I am at the Games for Change conference (festival) in New York. I’m not sure if I’m uptown or downtown. It’s on 12th street, just east of 5th avenue, at The New School of Design. It’s a small/compact conference with lots of people who care. Games for Learning is about designing and using video games as a force for social change. It’s an area that I know little about, except conceptually, since I don’t really play video games. I’m here to learn, and the opening keynote certainly offered lots of opportunities for that.
Nicholas Kristof, a columnist for The New York Times, has writing extensively about social change, apparently focusing most recently on Darfur. He made some interesting points about communication, that Toothpaste companies do a better job of selling ideas than most humanitarians. He said that large numbers simply do not do the job, that the human brain isn’t wired to handle large numbers. As we evolved, we were seldom surrounded by anything exceeding a dozen in quantity. “Six people starving is a tragedy. A million people starving is a statistic.”

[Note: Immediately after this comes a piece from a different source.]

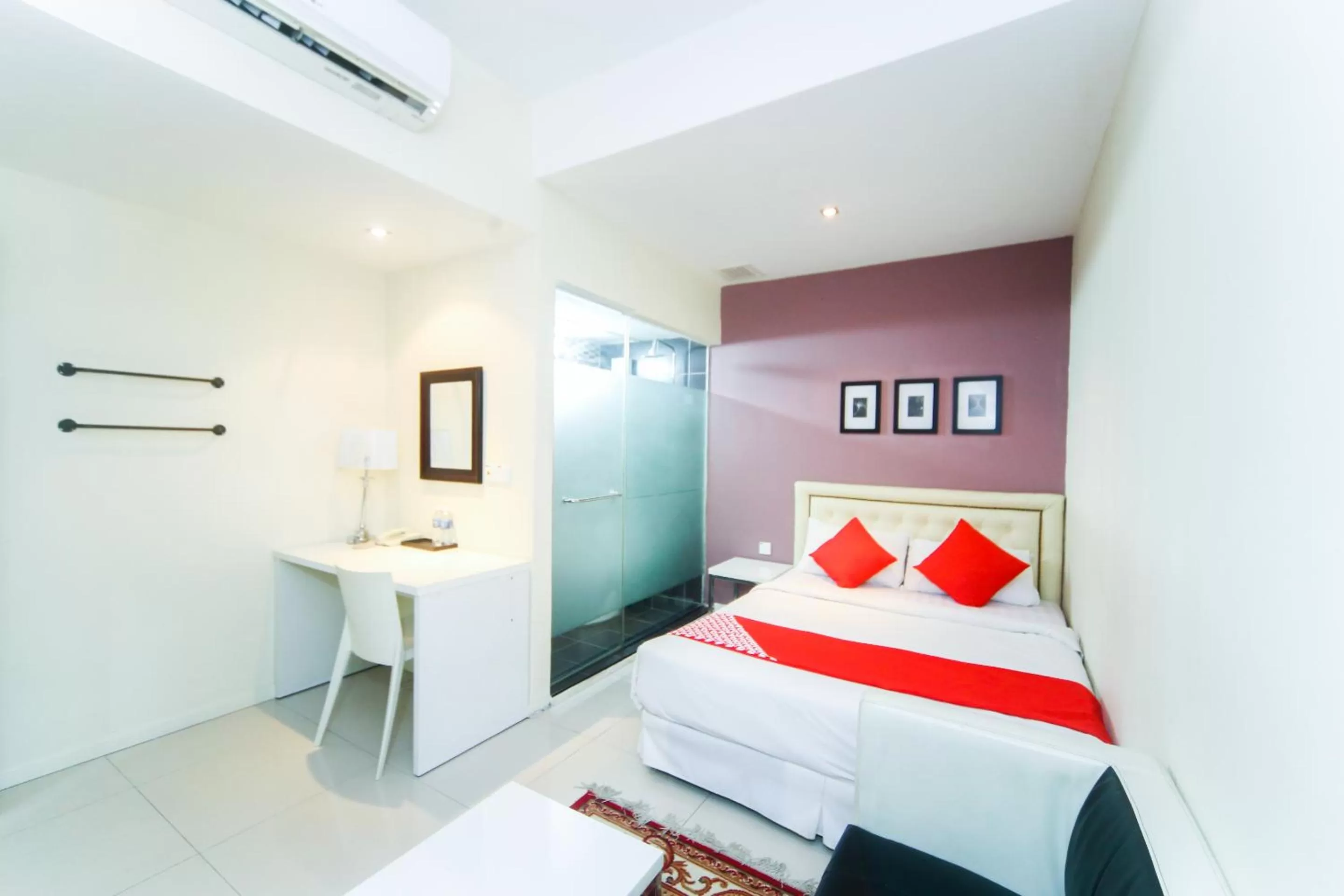 Photo of the whole room, Bed in OYO 777 Epal Hotel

He told about a middle school in the Bronx, where the plight of Darfur had become an integral part of the culture of the school — because of the video game, Darfur is Dying. Incidentally, two of the developers of the game were in the audience. He said that they school sent him an invitation to come and speak by sending him to a web page URL: dearmrkristof.com.

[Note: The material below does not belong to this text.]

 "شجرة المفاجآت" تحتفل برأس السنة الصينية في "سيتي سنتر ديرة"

He said that the struggle that defined the 19th century was irradicating slavery. Of the 20th century, it was defeating totalitarianism. He suggests that gender inequity in the developing world will define the 21st century.

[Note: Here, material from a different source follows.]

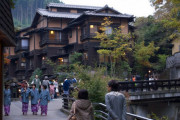 海外「温泉街は1泊以上したかった！」もう一度行きたい日本の街に対する海外の反応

The next session was about Pew’s recent report on teenagers, video games, and civic involvement. Joseph Kahne listed five myths about video games:
- Video games are violent. There are violent video games, but teenagers, in truth, are playing all kinds of video games.
- Many boys play only violent games. In truth, most youth play many genres of games, especially boys.
- Game Play isolates you. 65% reported that they play in the presence of others and 27% reported that they play online, collaboratively with others.
- The Game defines the experience. Not true. Many games offer huge opportunities for differentiation of the game experience. My son got bored with Halo in a couple of weeks. So he and his friends started inventing their own games to play in the Halo environment.
- There is a huge digital divide when it comes to different groups’ video game play. Again, nearly 100% of teens play video games across all demongraphics.
What I found interesting was the notion that the digital divide is more about the divide between classrooms that are making authentic, productive, empowering use of digital technologies, and classrooms that are using it to drill and kill (my wording).
The second speaker of that session was Ian Rowe, who works for the Bill & Melinda Gates foundation. He is currently focused on college completion. He reported that only 70% of U.S. teens finish high school. But only 50% of entering college students graduate with a degree. Part of the problem is that only half of the graduating high school students are prepared for college (1/3 of all high school students).
It’s time to bring this entry to a close, except to share one thing that Jim Gee said in a later session on assessment and video games. He said, “Looking at the choices that people make in solving problems is a good predictor of knowledge they have gained. But measuring knowledge does not predict problem solving ability.”